A few months ago, I was privileged to be the HR Lead for a large-scale transfer of services from one employer to new organisations. As we drew closer to the transfer date, I wrote to hundreds of staff members to confirm the terms and dates of their transfer to the incoming organisations.
Later that same week, I happened to receive a phone call from an angry resident of one of the addresses my letter had been delivered to. He was very upset that he had continued to be disturbed by the letters of the previous owner of the house, who happened to be the employee of the organisation I was supporting.
When asked how long he had been living at the address, he stated just over five years. And so for five years, he had been receiving posts for someone who no longer lives there, and with whom he had no contact. Of course, I profusely apologised for the error and promised to rectify our records. When I made contact with the employee in question, he stated he had forgotten to update his records and so, for well over half a decade, the employer had continued to hold the wrong address in their files.
While employees have a contractual obligation to update their employers if their personal records or circumstances change, employers also have a legal requirement of ensuring that the information they hold are up to date.
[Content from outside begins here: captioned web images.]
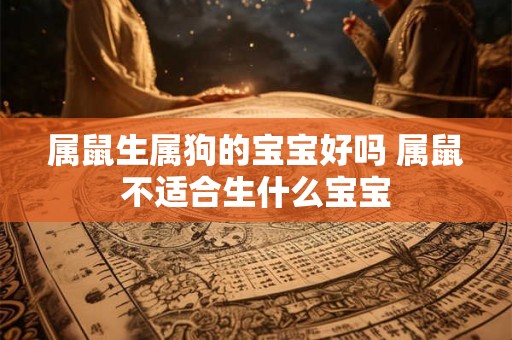 属鼠生属狗的宝宝好吗 属鼠不适合生什么宝宝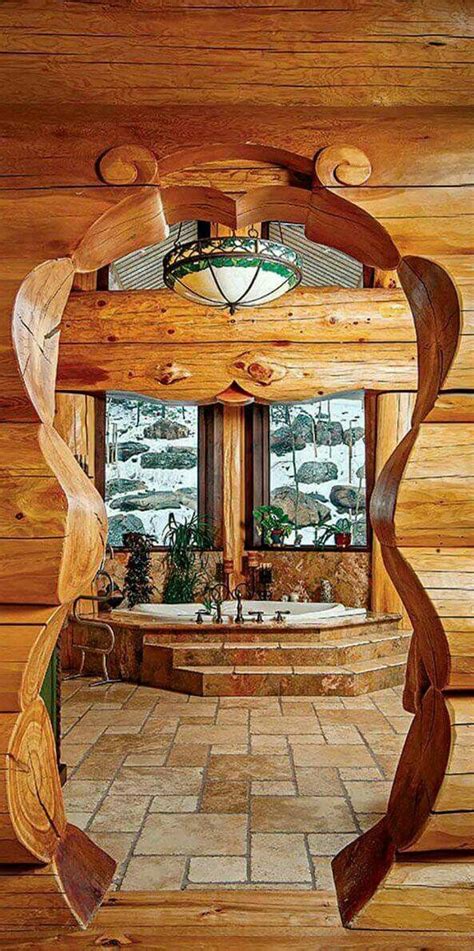 Pin By Carey Stumpf On House Log Cabin Rustic Log Homes Log House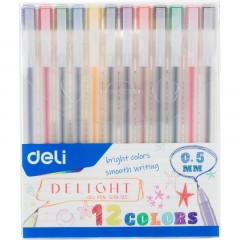 Набор гелевых ручек Deli Delight д.ш.0,5 мм, лин 0,35 мм,12 цв EG119-12C Набор гелевых ручек Deli Delight д.ш.0,5 мм, лин 0,35 мм,12 цв EG119-12C - фото 2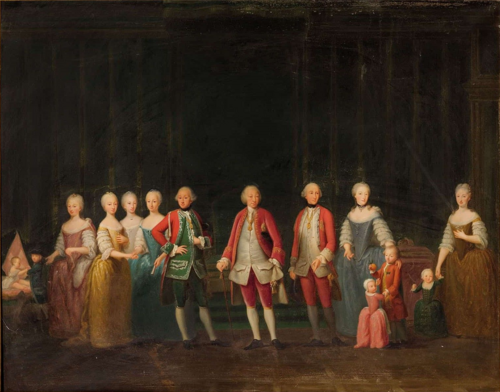 The Family of Charles Emmanuel III of Sardinia, 1800, Giuseppe Duprà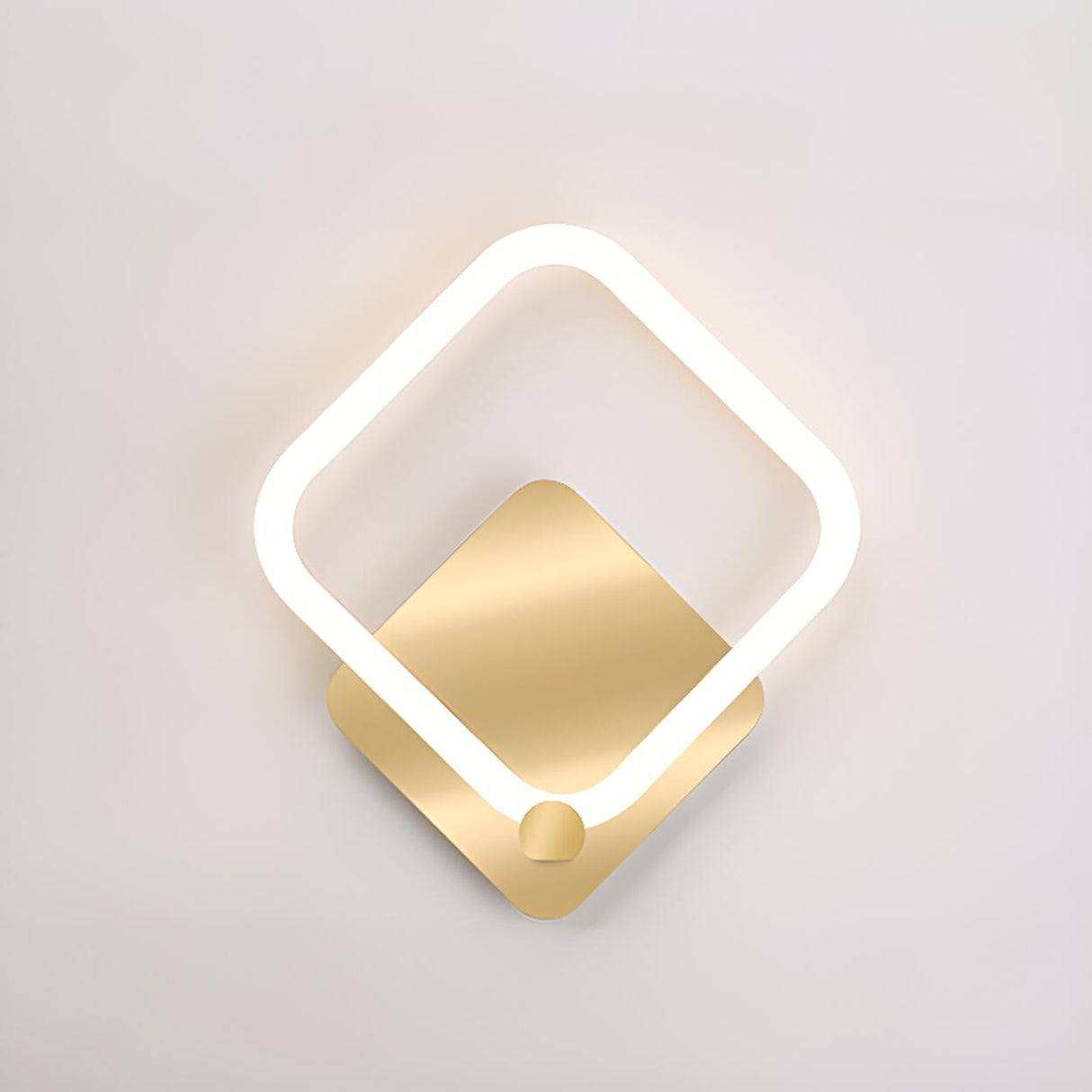 Contemporary Gold LED Ring Metal Wall Sconces Image - 8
However for employers, the story above highlights the potential legal ramifications of not keeping accurate employee details for staff. For example, had the new home owner not got in touch with me, the employee could have claimed he was not aware that his post was transferring to another company, and therefore we could have ended up in a legal battle about his transfer.
Looking at 2017 alone, there have been at least three major horrifying events that have shaken our capital, such as The Manchester Terrorist Attack at an Ariana Grande concert on 22nd May, The London Bridge Attack on 3rd June, and the Grenfell Tower Fire of 14th June.
According to the BBC, not everyone that has been affected by the most recent tragedy has been identified yet. In fact, a colleague told me about a survivor of the fire who lost everything she owned and therefore could not contact her employer within the first ten days. Perhaps they didn’t even realise she had been a victim of the Grenfell Tower incident as she may not have updated her records.
Or maybe they did have the correct address and had been trying to contact her via devices that had been consumed by the fire. It’s even possible that a meeting had been arranged to discuss her continuing employment in the event that they had a previous address, couldn’t link her to the event and therefore concluded she had gone AWOL (Absent Without Official Leave). After all, we HR people like to follow procedure!
In light of the above, I believe employers owe it to themselves and their employees to ensure their recording system and process is robust. They also need to recognise that good record keeping is not only a legal activity but also what caring employers who are serious about the welfare of their employees do.
I sincerely hope that survivors of the fire, who are employed, were contacted by either their line managers or a representative from their employing organisations. This act can improve retention and employee satisfaction. Knowing that your employer cares about you and that you are just not a headcount in their establishment will go a long way in improving the employment relationship.
So what can employers do to ensure that their employees’ records are up to date?
- Ensure that the pre-employment checks are robustly carried out and that a proof of address is provided during the recruitment process
- Invest in a functional HR Information System with a self-service facility where possible. This is so that employees can have individual access to update their own personnel records as and when necessary
- Carry out quarterly or bi-annual address audits on random employees with over five years’ continuous service
- Send quarterly or bi-annual reminders to staff to update their personal records and require them to confirm that information held is the most current
- Produce yearly reports on the locality/post codes of staff in case of local or national emergencies. It will make it easier to alert or gain intelligence on why some staff may be missing from work
Additionally, in the event that an employee hasn’t turned up for work, it’s important to ensure that they are safe and that there’s not been any serious incident involving them before invoking HR processes.
In my view, employers who make maintaining their employees’ records priority are not only commendable – and should be where people want to work- but they are also caring ones that staff can feel committed to in the long run.